The force said the suspect was wanted on suspicion of theft and was being brought to Darlington police station for questioning.
This individual was then charged and remanded in custody.
The force said in a statement that after a “rigorous internal investigation”, the officer was moved permanently from roads policing duties, his police driving licence was suspended and he was subject to an action plan concerning risk management and decision making.
The officer was now performing a limited operational role which did not involve driving and would not return to full operational duties until it was deemed appropriate, the force said.
Asked to explain why the officer was not prosecuted, Superintendent Darren Ellis, head of the force’s professional standards department, said: “This action was deemed the most appropriate due to a number of key factors.
“The officer in question was an advanced and highly skilled police driver and there was no suggestion that the vehicle was driven dangerously at any time.

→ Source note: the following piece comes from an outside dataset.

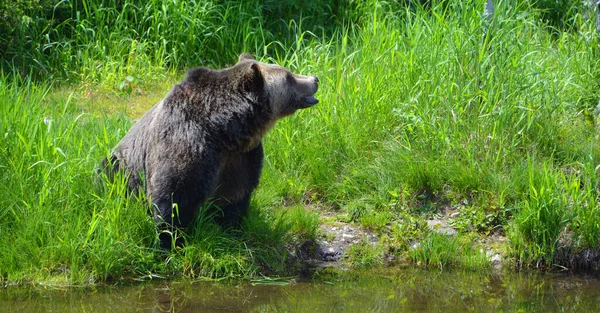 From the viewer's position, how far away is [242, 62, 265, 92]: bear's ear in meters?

"The complainant has been made aware and is satisfied with the action taken. This error of judgement on behalf of the officer is as a result of a single incident and there is no evidence to suggest a pattern of behaviour, the officer’s conduct prior to the incident had been exemplary.”
Supt Ellis said he fully accepted that criminal proceedings could have been invoked.

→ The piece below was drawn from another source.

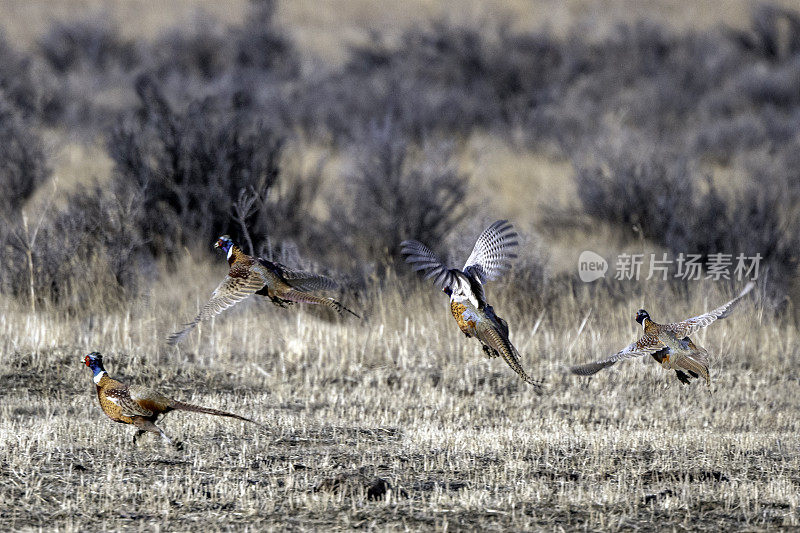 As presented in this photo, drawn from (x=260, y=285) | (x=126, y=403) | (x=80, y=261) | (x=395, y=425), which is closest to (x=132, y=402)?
(x=126, y=403)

However, he added: “After a full investigation it was felt that a more appropriate professional sanction in this instance would be the misconduct route due to the reasons I’ve outlined.
“Moving forward as a force we have taken the opportunity to reinforce the standards of driving expected from all officers and staff and are keen as an organisation to learn from this incident.
“We have also taken the decision to voluntarily refer this to the Independent Police Complaints Commission for their consideration”
Durham PCC Mr Hogg last night condemned the officer's actions, saying speeds of 140mph should not be reached, even in most pursuit circumstances.
Mr Hogg said had not seen his force's rationale for not prosecuting the officer, but added: “I can't see any reason why he shouldn't have been prosecuted other than it would be the prisoner's word against his.
“I don't think it would stand up in court with only the prisoner to verify what speed he was doing.”
The Northern Echo was also contacted by several serving police officers from the region who expressed concern at the decision not to prosecute the officer.
Assuming a driver had excellent reactions and was driving a car with good brakes the stopping distance, at 70 mph is 79 metres. But a vehicle travelling at 140mph needs 272 metres to come to a halt. Indeed, a car doing 140mph would still be travelling at 128mph when a car braking from 70 mph had stopped. If the road is wet, a car doing 140mph would need 532 metres to stop - nearly a third of a mile.
Joe Burns, spokesman at road safety charity Brake, said driving at very high speeds on public roads posed a “horrendous danger”.
He added: “Anyone caught driving in this reckless way should face appropriately stiff penalties, in light of the terrible harm they can cause, and to encourage respect for the law.
“We believe police drivers should be prosecuted if they have broken laws and endangered the public, and forces should be held to account in upholding strict safety standards.”